BUSINESS

Malaysia Enters Fourth Phase Of E-invoicing To Strengthen Tax System, Ease SME Compliance

01/01/2026 11:04 AM

By Siti Noor Afera Abu

KUALA LUMPUR, Jan 1 (Bernama) -- Malaysia entered the fourth phase of electronic invoicing (e-invoicing) rollout today, marking another part of the government’s effort to strengthen tax administration while easing the compliance burden on small and medium enterprises (SMEs).

Introduced as a digital platform to streamline invoicing and improve tax compliance, e-invoicing requires businesses to generate and submit invoices electronically, enhancing reporting and tax collection efficiency while reducing leakage.

Under the current timeline, the government planned to implement the fifth phase on July 1, 2026, for businesses with an annual turnover of up to RM1 million, with those earning less than RM500,000 annually exempt.

However, on Dec 6, 2025, Prime Minister and Finance Minister Datuk Seri Anwar Ibrahim announced that the exemption threshold would be raised to RM1 million from RM500,000, meaning firms with annual revenue below RM1 million will not be required to comply with e-invoicing beginning in 2026.

The rollout of e-invoicing began on Aug 1, 2024, initially covering companies with annual sales above RM100 million.

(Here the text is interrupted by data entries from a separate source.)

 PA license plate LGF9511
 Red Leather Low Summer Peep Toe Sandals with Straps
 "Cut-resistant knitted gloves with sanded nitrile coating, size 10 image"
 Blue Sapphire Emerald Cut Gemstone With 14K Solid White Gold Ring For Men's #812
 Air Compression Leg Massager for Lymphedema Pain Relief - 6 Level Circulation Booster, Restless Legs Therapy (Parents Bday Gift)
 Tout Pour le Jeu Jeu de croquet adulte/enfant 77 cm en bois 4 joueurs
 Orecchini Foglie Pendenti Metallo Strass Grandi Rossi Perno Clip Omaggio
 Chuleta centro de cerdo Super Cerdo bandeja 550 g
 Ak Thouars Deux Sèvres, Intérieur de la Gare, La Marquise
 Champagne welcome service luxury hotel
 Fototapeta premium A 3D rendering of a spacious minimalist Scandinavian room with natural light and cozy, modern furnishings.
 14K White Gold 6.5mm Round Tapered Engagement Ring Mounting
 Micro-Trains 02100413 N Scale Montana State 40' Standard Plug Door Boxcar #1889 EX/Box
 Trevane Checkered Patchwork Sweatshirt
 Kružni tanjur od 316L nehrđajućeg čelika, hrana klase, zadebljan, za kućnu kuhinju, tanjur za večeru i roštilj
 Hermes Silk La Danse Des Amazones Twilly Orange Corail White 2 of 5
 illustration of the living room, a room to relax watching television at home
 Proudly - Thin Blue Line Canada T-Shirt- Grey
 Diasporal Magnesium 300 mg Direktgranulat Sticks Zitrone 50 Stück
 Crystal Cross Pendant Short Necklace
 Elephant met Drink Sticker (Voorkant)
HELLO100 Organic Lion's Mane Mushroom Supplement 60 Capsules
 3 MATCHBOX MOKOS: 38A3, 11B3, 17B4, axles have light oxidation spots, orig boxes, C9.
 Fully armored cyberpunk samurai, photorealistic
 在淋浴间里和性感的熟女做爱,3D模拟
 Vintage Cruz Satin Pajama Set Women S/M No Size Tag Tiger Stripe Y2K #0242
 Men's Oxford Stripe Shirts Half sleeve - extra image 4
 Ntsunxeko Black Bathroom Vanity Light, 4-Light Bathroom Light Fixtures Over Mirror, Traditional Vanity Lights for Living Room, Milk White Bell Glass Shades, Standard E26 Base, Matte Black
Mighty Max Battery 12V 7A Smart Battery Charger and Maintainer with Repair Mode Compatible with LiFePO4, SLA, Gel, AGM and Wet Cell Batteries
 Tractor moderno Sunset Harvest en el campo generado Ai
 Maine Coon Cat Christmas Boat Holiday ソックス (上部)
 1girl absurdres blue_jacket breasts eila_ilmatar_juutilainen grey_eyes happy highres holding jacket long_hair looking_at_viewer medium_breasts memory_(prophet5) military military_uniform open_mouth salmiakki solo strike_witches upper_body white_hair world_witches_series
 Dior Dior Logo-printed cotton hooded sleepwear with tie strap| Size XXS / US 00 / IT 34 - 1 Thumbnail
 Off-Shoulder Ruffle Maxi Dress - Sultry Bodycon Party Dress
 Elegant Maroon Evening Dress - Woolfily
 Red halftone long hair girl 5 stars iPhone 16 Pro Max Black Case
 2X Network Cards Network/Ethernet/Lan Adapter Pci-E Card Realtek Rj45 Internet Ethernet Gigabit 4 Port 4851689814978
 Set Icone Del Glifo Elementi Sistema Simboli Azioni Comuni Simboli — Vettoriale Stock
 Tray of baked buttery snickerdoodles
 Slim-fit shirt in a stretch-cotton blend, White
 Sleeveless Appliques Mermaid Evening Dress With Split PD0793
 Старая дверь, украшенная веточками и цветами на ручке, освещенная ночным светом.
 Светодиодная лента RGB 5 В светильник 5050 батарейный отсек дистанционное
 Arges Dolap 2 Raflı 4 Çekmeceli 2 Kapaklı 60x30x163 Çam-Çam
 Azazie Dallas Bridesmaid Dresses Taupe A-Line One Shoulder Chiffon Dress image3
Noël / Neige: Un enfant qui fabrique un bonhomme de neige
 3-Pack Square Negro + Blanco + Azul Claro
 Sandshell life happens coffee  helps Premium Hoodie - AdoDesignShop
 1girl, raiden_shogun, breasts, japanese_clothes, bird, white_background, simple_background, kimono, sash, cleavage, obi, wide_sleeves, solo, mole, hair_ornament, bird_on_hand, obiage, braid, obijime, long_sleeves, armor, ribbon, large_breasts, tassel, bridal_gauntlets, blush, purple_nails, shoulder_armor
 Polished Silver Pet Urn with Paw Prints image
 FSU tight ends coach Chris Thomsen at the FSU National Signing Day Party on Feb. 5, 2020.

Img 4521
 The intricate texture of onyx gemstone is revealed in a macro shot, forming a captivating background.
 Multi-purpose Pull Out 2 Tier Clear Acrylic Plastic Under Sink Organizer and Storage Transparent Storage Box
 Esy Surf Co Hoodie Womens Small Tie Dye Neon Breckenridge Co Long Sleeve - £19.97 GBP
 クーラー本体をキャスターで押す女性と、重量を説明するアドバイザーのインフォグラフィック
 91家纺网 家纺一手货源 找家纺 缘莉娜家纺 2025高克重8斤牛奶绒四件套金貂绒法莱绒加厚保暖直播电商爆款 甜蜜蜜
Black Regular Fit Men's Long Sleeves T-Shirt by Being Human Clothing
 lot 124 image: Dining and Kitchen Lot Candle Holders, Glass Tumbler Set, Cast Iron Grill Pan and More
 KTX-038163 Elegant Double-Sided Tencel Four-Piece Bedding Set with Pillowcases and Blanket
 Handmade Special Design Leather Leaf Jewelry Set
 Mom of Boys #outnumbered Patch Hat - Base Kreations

As of Nov 4, 2025, the Inland Revenue Board of Malaysia (IRB) recorded more than 106,000 registered taxpayers and transactions exceeding RM675 million through the e-invoicing system, reflecting growing adoption across the business ecosystem.

Meanwhile, businesses with transactions exceeding RM10,000, as well as electricity and telecommunications services providers, will be required to issue individual e-invoices instead of consolidated ones from Jan 1, 2026.

Currently, seven industries are required to issue individual e-invoices: automotive (sales of motor vehicles), aviation (flight tickets and private charters), gold products and luxury goods, construction, wholesale and retail of construction materials, licensed betting and gaming activities, and payments to agents or distributors.

 

Easing the Burden of SMEs, Room for Expansion 

To recap, the Center for Market Education’s chief executive officer, Dr Carmelo Ferlito, had stated that exempting companies with annual revenue below RM1 million from implementing e-invoicing will ease administrative pressure on small and medium enterprises (SMEs) and allow them to focus on their core business activities.

He said that the exemption would free up time and resources to focus on business rather than on questionable administrative compliance, giving SMEs more space to focus on strategy and growth before adopting digital tax tools.

Malaysia Micro Enterprises Academy chief executive officer Abd Azharee Abdul Wahid also stated earlier that the move is expected to encourage entrepreneurs to become more competitive in advancing their businesses and allow them to focus on developing their businesses, products and services.

He said that entrepreneurs can also improve in areas such as marketing, expanding their networks, and exploring opportunities at the local and international levels.

“It is giving us room to breathe because in this challenging economic situation, we have the opportunity to restructure our strategies, especially in 2026,” he said.

Meanwhile, the president of the Small and Medium Enterprises Association Malaysia, Datuk William Ng, has previously said that the phased approach would ultimately benefit SMEs by creating room for reinvestment and expansion once the system is fully embedded.

He said the association also does not support calls to exempt or further postpone e-invoicing for SMEs, stressing that delays would not necessarily improve readiness.

Ng said that simply postponing the implementation for six months, a year, or even two years will not make businesses ready.

Anwar previously said e-invoicing would be implemented comprehensively in 2026, alongside the self-assessment system for stamp duty, to further strengthen tax compliance, while tax refunds would also be expedited.

Expressing optimism about the IRB’s performance, the Prime Minister previously noted that the introduction of new systems, such as e-invoicing, has improved efficiency and discipline, thereby contributing to stronger revenue collection.

Tax collections in 2026 are projected to rise, with direct taxes estimated at RM187.4 billion and indirect taxes at RM83 billion, supported by targeted measures, sustained domestic demand and the gradual maturation of the e-invoicing system.